**Directions for this task:**
Every line below from the one with "Fototapeta premium vintage" through the one with "Detail of light" is to be repeated exactly, with no picture among them.

**Data supplied:**
☆ ☆ ☆ ☆

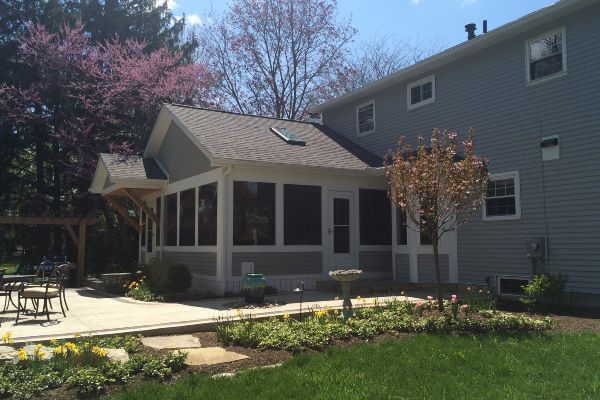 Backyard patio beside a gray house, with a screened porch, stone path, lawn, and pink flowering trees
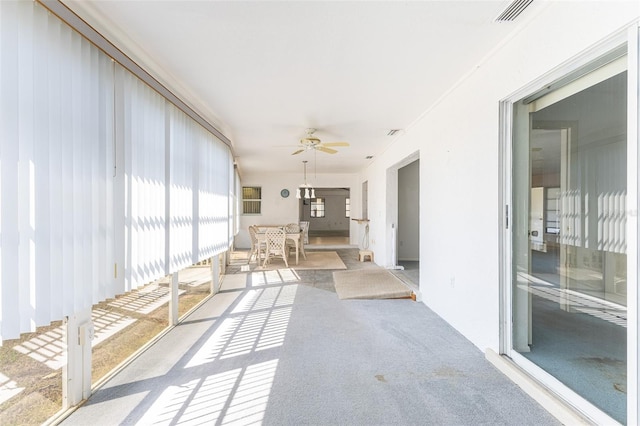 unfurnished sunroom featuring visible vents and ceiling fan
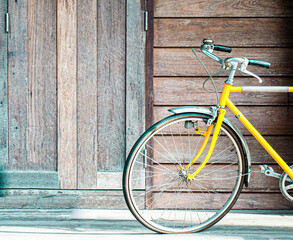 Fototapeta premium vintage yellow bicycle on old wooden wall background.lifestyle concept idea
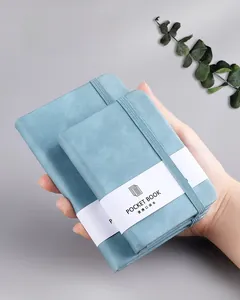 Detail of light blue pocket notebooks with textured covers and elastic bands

☆ ☆ ☆ ☆

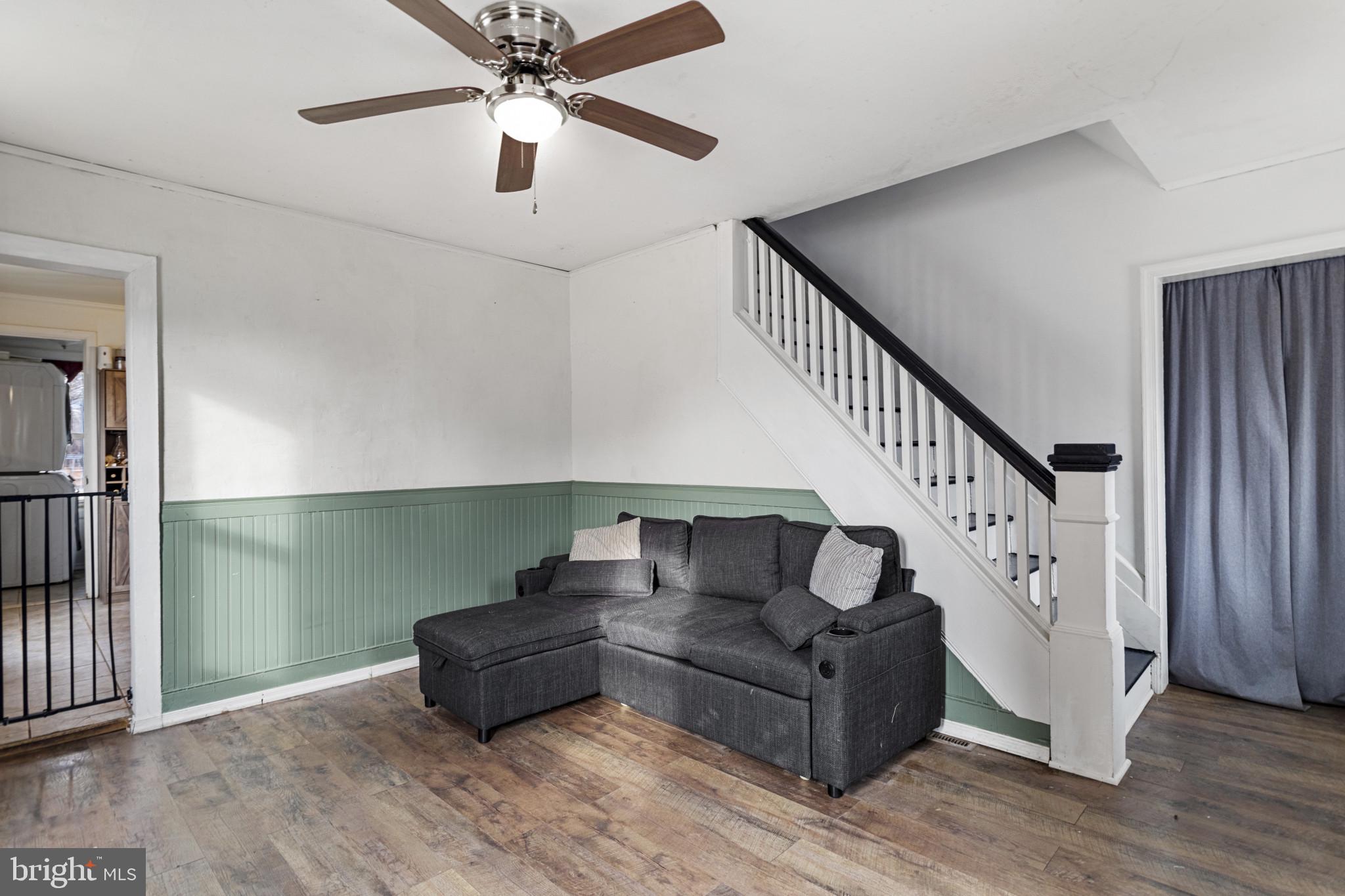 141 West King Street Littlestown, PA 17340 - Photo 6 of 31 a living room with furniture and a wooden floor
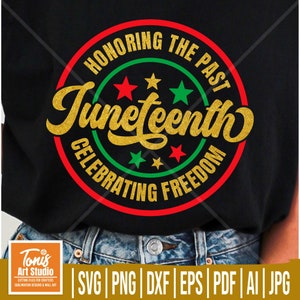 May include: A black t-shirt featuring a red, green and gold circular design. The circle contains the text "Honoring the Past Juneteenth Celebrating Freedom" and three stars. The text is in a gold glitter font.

☆ ☆ ☆ ☆

**Reply to the exercise:**
 Fototapeta premium vintage yellow bicycle on old wooden wall background.lifestyle concept idea
 Detail of light blue pocket notebooks with textured covers and elastic bands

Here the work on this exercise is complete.